Kirk Herbstreit announced Monday that he has joined Cameo and will record personalized videos for $199, telling fans on Instagram and X they can ask for a Father's Day shoutout, a birthday message or "a pick me up." He added his golden retriever, Peter, might even appear as a surprise in some clips.
The price is blunt and specific: $199 per booking, with Herbstreit saying the average video runs close to two minutes. The combination—an exact fee and a promised short, personal message—puts a concrete offer on the table for viewers accustomed to hearing him on Saturday broadcasts.
Herbstreit is a familiar voice on college football Saturdays, a broadcaster for more than three decades who began as a quarterback and served as team captain at Ohio State in 1992. In recent years he has been visible as an College GameDay analyst and as an Amazon Prime NFL announcer; the Cameo listing turns that mass-media presence into direct, paid one-to-one contact.
He posted the announcement twice—first on Instagram, then on X—framing the Cameo move as a way to fulfill small, personal requests. Fans who want a quick, tailored greeting can now pay for a recording, supply the occasion and the message, and receive a roughly two-minute clip in return.
The friction in the offer is obvious.
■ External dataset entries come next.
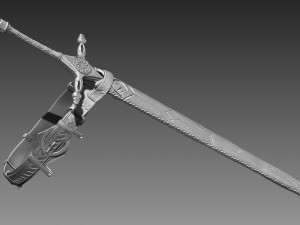 zbrush sword 3D 모델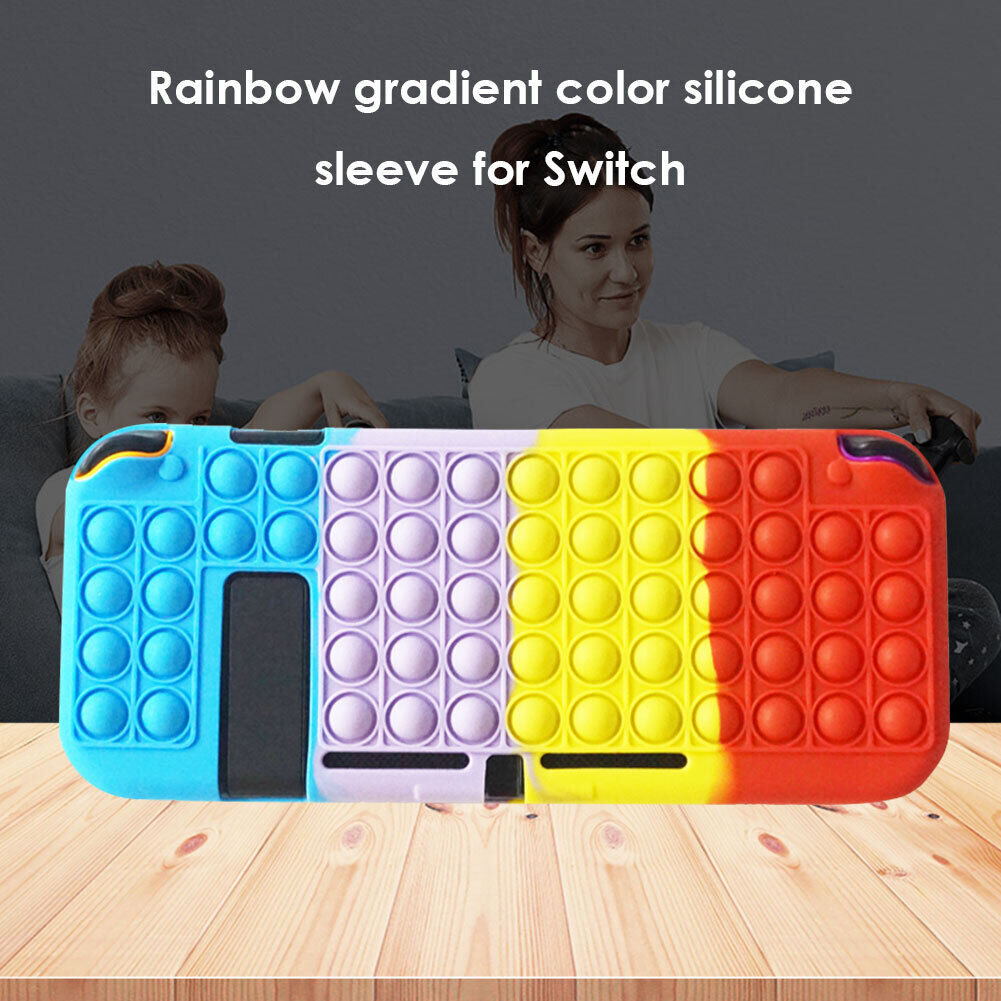 Silicone Soft Protective Cover for NS Switch Console Push Bubble Case (5)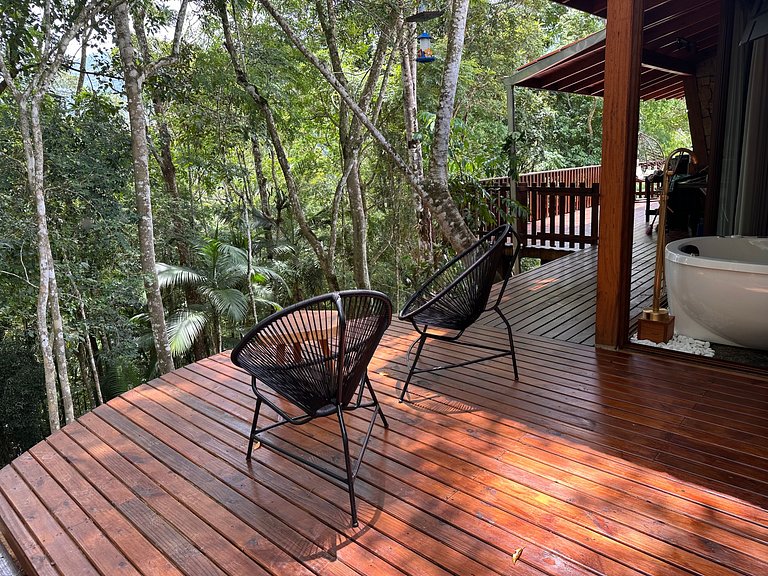 Cabana Rustico, Luxo & SPA : Sauna de Vidro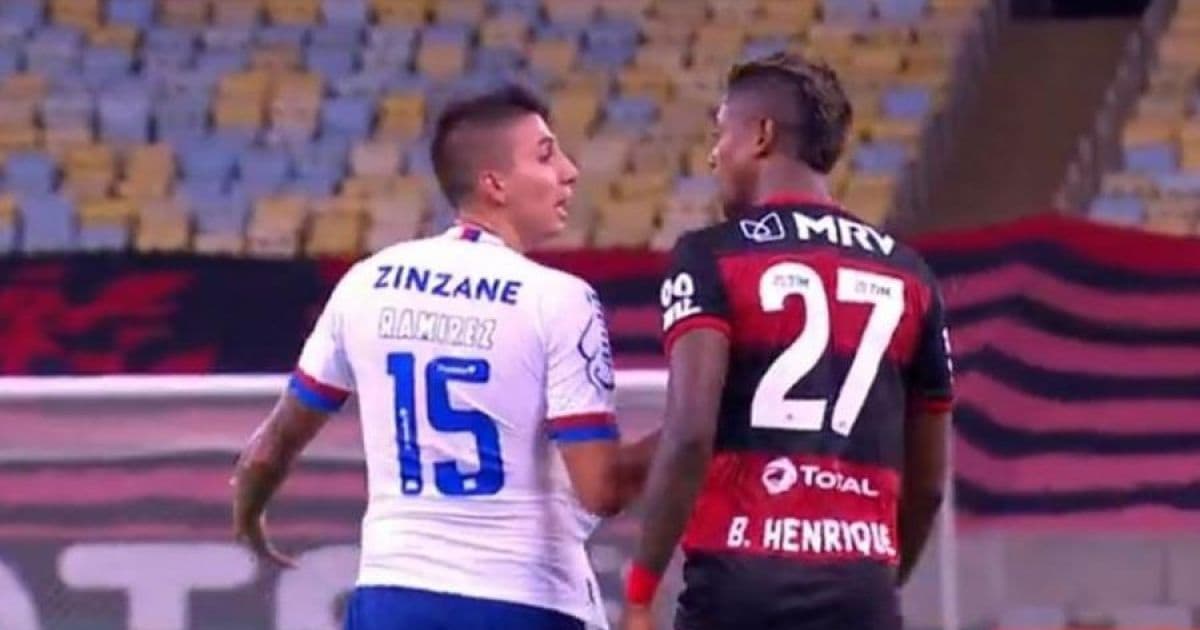 Flamengo consegue análise das imagens de discussão entre Ramírez e Bruno Henrique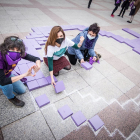 Construcción simbólica del feminismo en la plaza de las Mujeres.-GM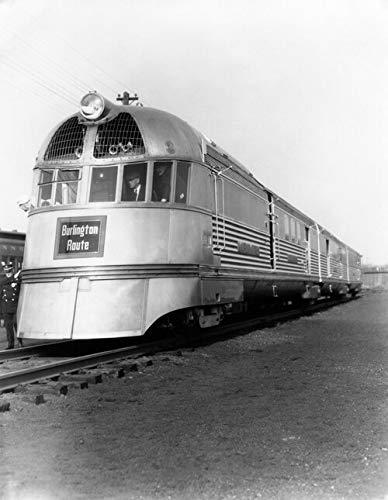 1930s Zephyr Train Engine Burlington Route Vintage Poster Print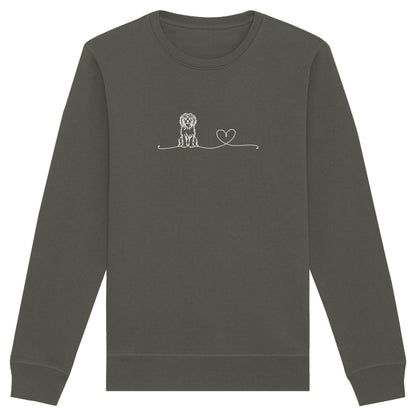 Line Art - Havaneser mit Herz - Organic Basic Unisex Sweatshirt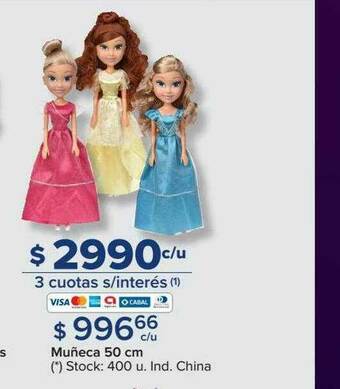 Carrefour Muñeca 50 Cm oferta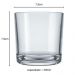Jogo de 12 Copos de Vidro para Whisky Bar Rocks 265ml Nadir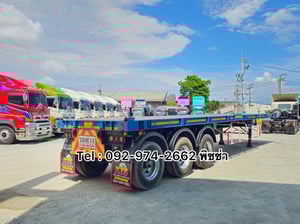 หางพื้นเรียบ สามเพลา อู่ WAFA ปี 2565(5439)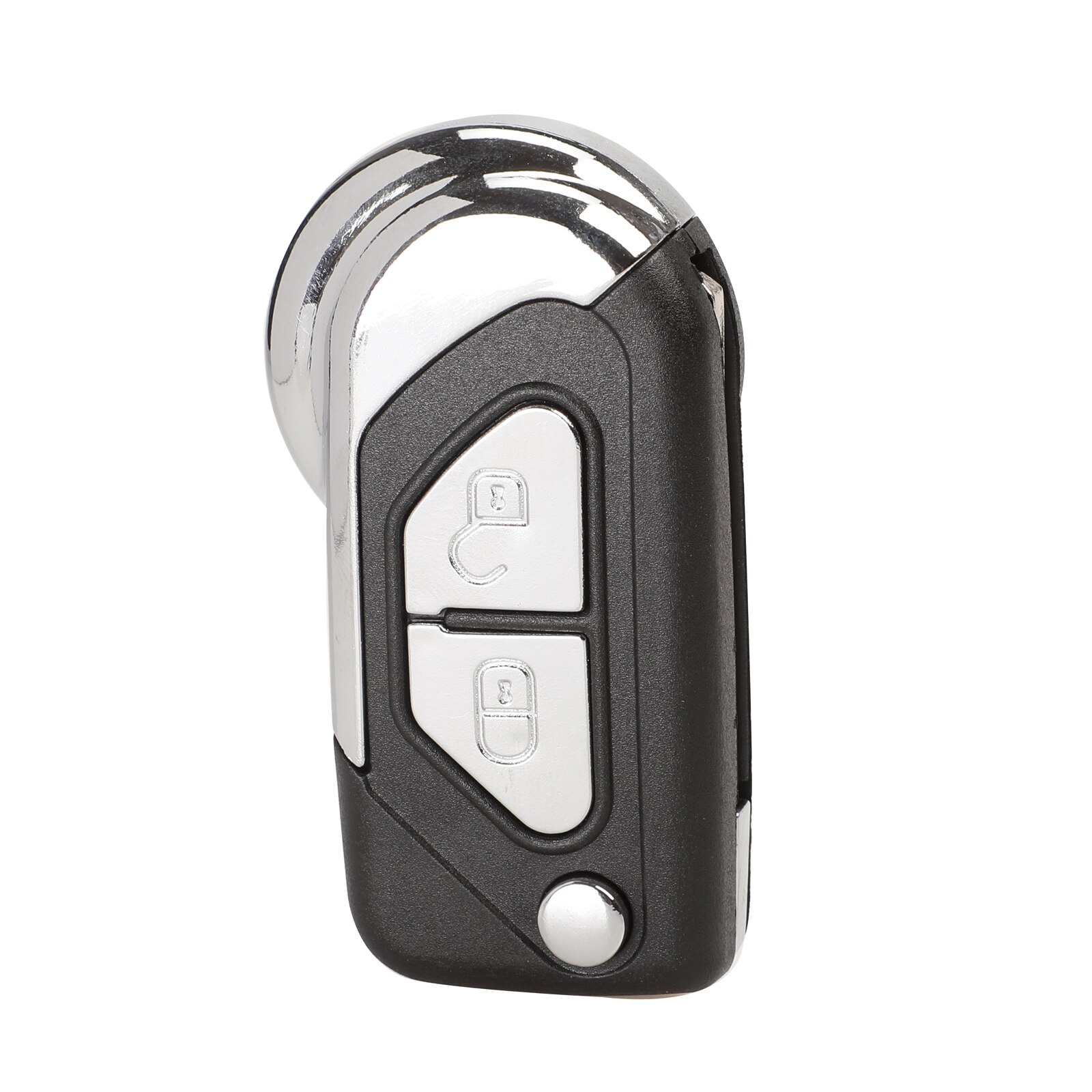 Kutery 2 Buttons Replacement Flip Folding Remote Car Key Shell Case Fob For Citroen DS3 Peugeot With Uncut Blade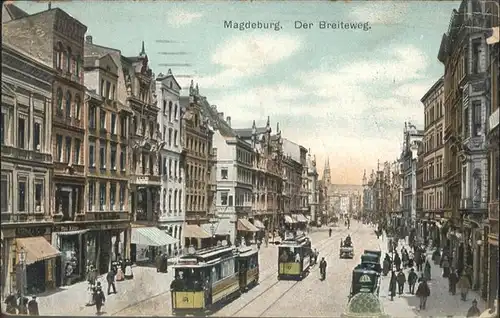 Magdeburg Breiteweg Strassenbahn / Magdeburg /Magdeburg Stadtkreis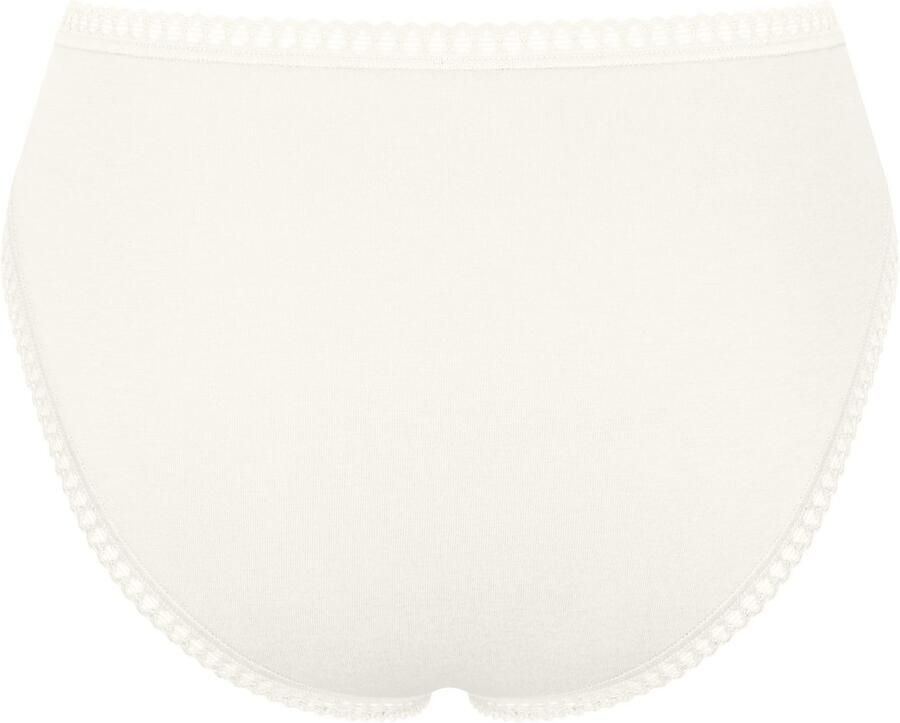 Sloggi Slip GO Crush hoge beenuitsnijding kant vrouwelijk zacht elastisch katoenmix (Set van 3) - Foto 5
Cameo hosts a range of celebrity fees, and Herbstreit’s $199 figure places him among the platform’s more expensive sports personalities. For someone pitching short, affectionate moments—birthday shoutouts or motivational pick-me-ups—the price may read as a premium for convenience and familiarity rather than as a conventional appearance fee.
That premium is part practical and part branding. Herbstreit controls the format: brief, produced responses rather than live, open-ended interactions. He also keeps the terms simple on the front end: a single price, an expected clip length and a hint of personality with Peter’s possible cameo. He did not, however, attach a limit, a launch schedule or an end date to the listing in his posts.
For fans the result is immediate and straightforward: the booking option exists now on Cameo, with a clear cost and a clear expectation of duration. For Herbstreit it is a direct way to monetize the voice many recognize from decades of broadcasts while keeping the time commitment predictable and brief.
The most consequential unanswered question is whether demand will match the price. Herbstreit did not disclose how many requests he will accept or how long he plans to remain available on the platform; if bookings arrive in volume, the listing could become a steady revenue stream, and if not, it may be adjusted or removed. Until he sets limits or updates the offering, fans can book a short, personalized message from a long-running college football voice for $199—and hope Peter steps in for the camera.